Mas também os sul-africanos mais velhos emigram. O denominador comum: têm dinheiro e podem pagar o caminho para uma entrada legal na Europa. "Os clientes sul-africanos que conheço não estão necessariamente a tentar emigrar, mas sim a investir num plano B", diz, por sua vez, Amanda Smit, que coordena o escritório da Henley & Partners na Cidade do Cabo. A empresa de consultoria baseada em Londres trabalha com pedidos de cidadania e vistos de residência.
Preparar o futuro
"Vários fatores influenciam a solicitação de um segundo passaporte, ou dupla cidadania. Há mais mobilidade global do que antes. Os sul-africanos que emigram reconhecem que têm mais privilégios e benefícios para si e para as suas famílias se tiverem dupla cidadania ou visto de residência no estrangeiro. Há melhores condições de viagem, mais segurança para o futuro, melhores oportunidades financeiras e de negócios", explica Amanda Smit.

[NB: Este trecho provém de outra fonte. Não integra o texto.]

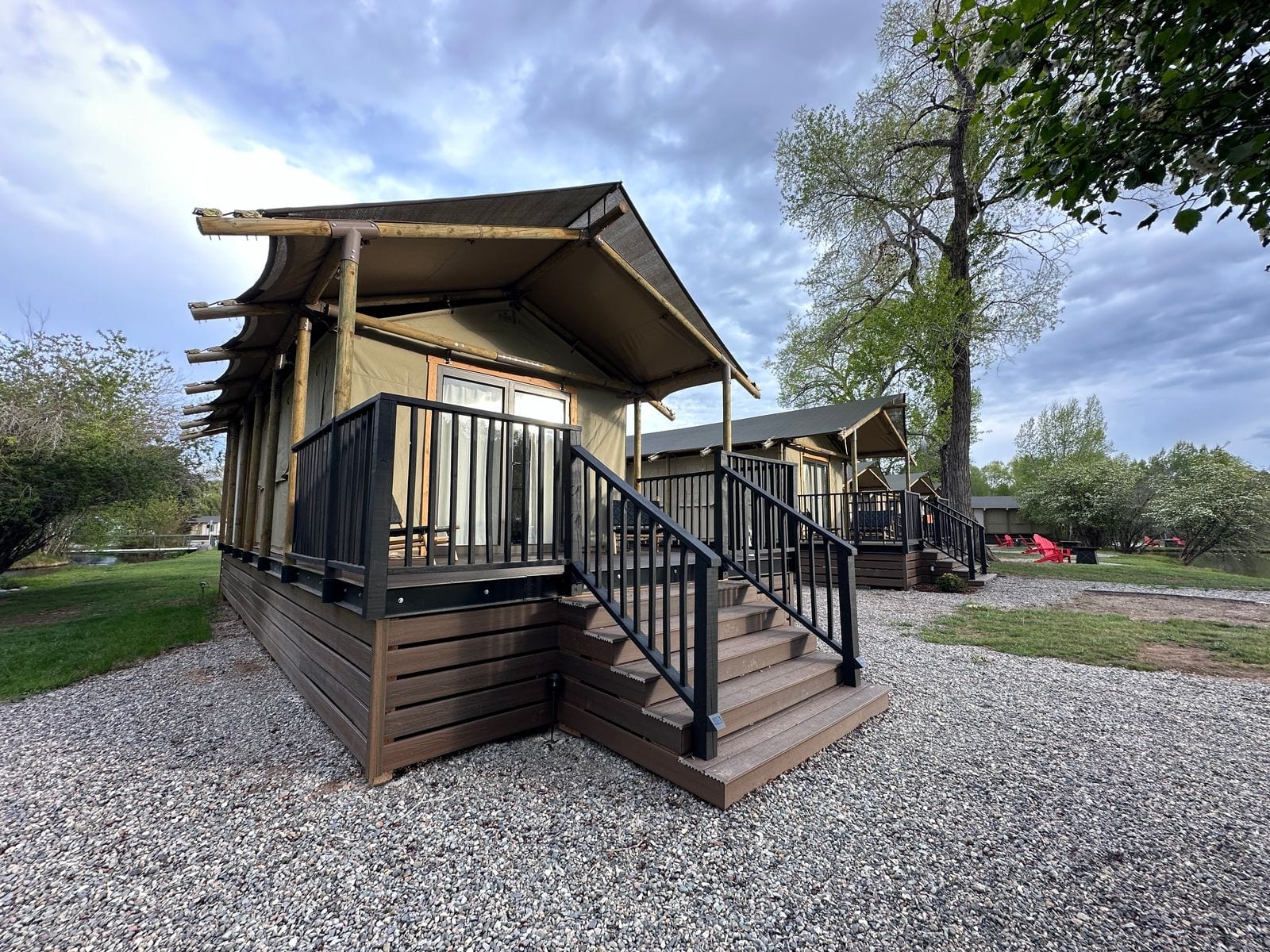 Glamping tent at the property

No escritório da Henley & Partners, o número de requerimentos de dupla cidadania subiu 229 por cento em apenas um ano. Entre os requerentes, 55 por cento são brancos e 45 por cento negros sul-africanos.
Os países mais populares para pedidos são Malta, Chipre, Moldávia e Portugal. E por uma razão simples: os passaportes desses países são mais fáceis de obter através da compra de propriedades, por exemplo.
Entretanto, o passaporte sul-africano é válido em apenas 102 países. Os centros económicos mais poderosos, como os Estados Unidos, Grã-Bretanha e do espaço Schengen na Europa são excluídos.